Beha'alotcha - Fit For Life

by Rebbetzin Malkah

At least once or twice within our lifetimes, many of us will decide to try the cure-all diet that will fix the body's slowing metabolism.  Sometimes we even become vegetarian, vegan, or lacto-pesco-ovo.  Certain that this diet will be the solution, we suffer, starve, cut down portions, binge and sacrifice - all in the hope of finding the hidden person underneath all those cushy layers.  But what are we really searching for buried under those extra pounds?  Are we searching to relive the youth we had, the inexperience, days of uncertainty as to where our future would place us?  Are we longing to regain a slimmer body that reminds us of what it is to be carefree or less responsible, now that responsibility greets us every morning with no let up?  In this week's parasha, we find the Children of Israel begging for a diet change - one that is merely a guise for returning to something familiar, far away and forbidden.  However, they quickly learn that their desire to change their current food plan does not match the soul diet of Hashem; the regime they need to follow has little to do with their palates or ways of the past.  Their gluttonous cravings for meat are but a cover for their inability to forget their unchecked and blithe ways of old.  As we look at the menu this week, we need to be ever mindful of the effect our own appetites have on our spiritual growth.

Please, Sir, Can I Have Some More?

Anyone who has ever traveled with small children knows that at some point, despite how often you feed them or bribe them with ice cream, the dreaded question must be heard:  are we there yet?  As the Children of Israel progress through the desert on their perfect diet of manna, their minds wander back to the cucumbers, melons, leeks, onions, and garlic of Egypt.  Though they don't realize that the salt of this food was the slavery they endured, they somehow conjure in their minds that it must be better than the personal growth and responsibility that they are currently experiencing.

"The rabble that was among them cultivated a craving, and the Children of Israel also wept once more, and said, "Who will feed us meat?
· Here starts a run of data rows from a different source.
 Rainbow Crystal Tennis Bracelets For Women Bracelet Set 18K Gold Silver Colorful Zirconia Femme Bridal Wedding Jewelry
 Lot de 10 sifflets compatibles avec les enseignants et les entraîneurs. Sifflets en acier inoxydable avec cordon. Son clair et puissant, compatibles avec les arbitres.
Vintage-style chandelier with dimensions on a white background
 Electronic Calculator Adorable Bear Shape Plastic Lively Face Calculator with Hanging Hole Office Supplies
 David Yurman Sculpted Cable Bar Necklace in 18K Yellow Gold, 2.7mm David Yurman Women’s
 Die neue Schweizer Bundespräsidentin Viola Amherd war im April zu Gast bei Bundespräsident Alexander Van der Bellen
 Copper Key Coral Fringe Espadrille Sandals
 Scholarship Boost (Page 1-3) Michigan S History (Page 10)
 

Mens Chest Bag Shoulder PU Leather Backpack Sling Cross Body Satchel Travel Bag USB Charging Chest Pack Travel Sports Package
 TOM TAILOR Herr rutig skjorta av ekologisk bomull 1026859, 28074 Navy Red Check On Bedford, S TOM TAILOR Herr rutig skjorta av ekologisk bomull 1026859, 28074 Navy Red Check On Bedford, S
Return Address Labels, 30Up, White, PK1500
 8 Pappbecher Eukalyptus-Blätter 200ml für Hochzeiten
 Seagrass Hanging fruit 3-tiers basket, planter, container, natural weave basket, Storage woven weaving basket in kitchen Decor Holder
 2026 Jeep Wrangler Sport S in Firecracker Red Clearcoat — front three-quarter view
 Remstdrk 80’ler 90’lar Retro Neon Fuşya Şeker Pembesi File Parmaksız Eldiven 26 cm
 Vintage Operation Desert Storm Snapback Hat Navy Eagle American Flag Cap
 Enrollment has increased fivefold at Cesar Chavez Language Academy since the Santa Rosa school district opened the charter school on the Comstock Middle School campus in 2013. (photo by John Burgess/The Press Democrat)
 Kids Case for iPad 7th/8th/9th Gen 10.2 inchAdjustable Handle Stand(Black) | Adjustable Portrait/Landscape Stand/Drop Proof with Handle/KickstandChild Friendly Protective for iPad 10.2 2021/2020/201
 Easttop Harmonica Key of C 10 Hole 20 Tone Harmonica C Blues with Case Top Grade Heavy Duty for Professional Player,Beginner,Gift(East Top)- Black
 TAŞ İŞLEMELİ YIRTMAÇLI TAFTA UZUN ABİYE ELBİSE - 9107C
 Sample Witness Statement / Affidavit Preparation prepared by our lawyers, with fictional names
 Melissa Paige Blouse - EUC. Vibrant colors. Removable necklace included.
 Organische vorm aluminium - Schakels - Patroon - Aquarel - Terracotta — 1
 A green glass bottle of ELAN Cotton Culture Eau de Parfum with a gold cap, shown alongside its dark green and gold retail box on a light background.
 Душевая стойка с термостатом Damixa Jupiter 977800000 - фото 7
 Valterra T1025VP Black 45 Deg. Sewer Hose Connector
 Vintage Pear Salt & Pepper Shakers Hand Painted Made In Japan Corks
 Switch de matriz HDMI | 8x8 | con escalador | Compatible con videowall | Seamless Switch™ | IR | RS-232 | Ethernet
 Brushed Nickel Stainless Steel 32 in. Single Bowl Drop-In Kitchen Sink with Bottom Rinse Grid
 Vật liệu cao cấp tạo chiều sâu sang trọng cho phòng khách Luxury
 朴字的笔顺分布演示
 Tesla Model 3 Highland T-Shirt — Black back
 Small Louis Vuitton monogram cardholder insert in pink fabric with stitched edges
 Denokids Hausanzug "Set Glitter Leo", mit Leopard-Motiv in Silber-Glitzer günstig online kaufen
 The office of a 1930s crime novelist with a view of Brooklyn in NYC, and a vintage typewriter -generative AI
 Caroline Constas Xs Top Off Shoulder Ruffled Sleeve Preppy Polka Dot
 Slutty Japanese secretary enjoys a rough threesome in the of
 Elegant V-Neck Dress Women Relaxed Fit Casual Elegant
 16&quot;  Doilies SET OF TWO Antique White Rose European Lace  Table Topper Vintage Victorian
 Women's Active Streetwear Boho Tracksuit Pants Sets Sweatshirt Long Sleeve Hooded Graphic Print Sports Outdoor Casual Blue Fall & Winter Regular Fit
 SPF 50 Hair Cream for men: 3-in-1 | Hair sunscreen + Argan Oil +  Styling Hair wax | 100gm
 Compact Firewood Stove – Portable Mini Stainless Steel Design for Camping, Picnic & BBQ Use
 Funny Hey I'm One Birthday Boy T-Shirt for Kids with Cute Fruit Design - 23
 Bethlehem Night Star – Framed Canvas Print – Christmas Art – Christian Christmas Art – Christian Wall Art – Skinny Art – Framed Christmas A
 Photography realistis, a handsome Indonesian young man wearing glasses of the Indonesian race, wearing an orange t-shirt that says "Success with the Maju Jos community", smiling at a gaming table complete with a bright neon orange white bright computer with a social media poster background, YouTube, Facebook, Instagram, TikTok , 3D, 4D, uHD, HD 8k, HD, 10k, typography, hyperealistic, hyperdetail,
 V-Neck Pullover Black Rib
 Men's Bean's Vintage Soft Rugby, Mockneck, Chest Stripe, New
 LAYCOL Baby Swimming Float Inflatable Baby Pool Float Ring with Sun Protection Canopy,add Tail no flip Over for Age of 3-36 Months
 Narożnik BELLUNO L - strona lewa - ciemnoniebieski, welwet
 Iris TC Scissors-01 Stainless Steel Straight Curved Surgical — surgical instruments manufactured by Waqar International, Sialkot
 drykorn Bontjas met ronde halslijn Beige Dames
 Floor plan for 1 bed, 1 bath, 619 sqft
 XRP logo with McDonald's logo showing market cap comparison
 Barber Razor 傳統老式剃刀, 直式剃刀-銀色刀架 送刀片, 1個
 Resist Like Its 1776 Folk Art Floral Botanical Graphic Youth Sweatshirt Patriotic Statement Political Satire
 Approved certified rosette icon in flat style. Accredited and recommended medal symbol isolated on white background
We remember the fish that we ate in Egypt free of charge; the cucumbers, melons, leeks, onions, and garlic.  But now, our life is parched, there is nothing; we have nothing to anticipate but the manna!"  Bamidbar 11:4-6

As slaves, they received nothing free of charge.  They submitted tirelessly and in return were fed so they could work again. The implications are clear however:  beyond their slave labor, they were not required to submit anything else in order to receive food.  When the food that they needed fell daily from the heavens in the desert, what cause did they have to be dissatisfied?  The text spells it out clearly.  Each day, the only anticipation they had was the manna, or the spiritual refining that Hashem had in store for them on a daily basis.  The days of carefree dining were replaced by a table set with manna, new mitzvot, responsibilities and awakenings. For a people so entrenched in slavery, this was simply terrifying.   This cry rooted from something much deeper within, a selfishness.  They wanted unconditional meat.  The slave mentality was the only one which they possessed and the Divine was trying to shake them of this identity.  A kingdom of priests would have to operate on a whole new paradigm and that seemed very uncomfortable.

Sky-High Meat

Sforno notes that the relationship of the Children of Israel to Hashem is a child-parent relationship.  While in some cases children might be at odds with their parents, deep down there is a trust base upon which the child rests.  The child can see the parents having love for them and acting with good intentions.  However, in the case of the Children of Israel, we see something quite wrong in this parasha, for they take this inner conflict they have with Moshe and Hashem to a new level: complete lack of trust.  This is illuminated by the verse that describes their weeping.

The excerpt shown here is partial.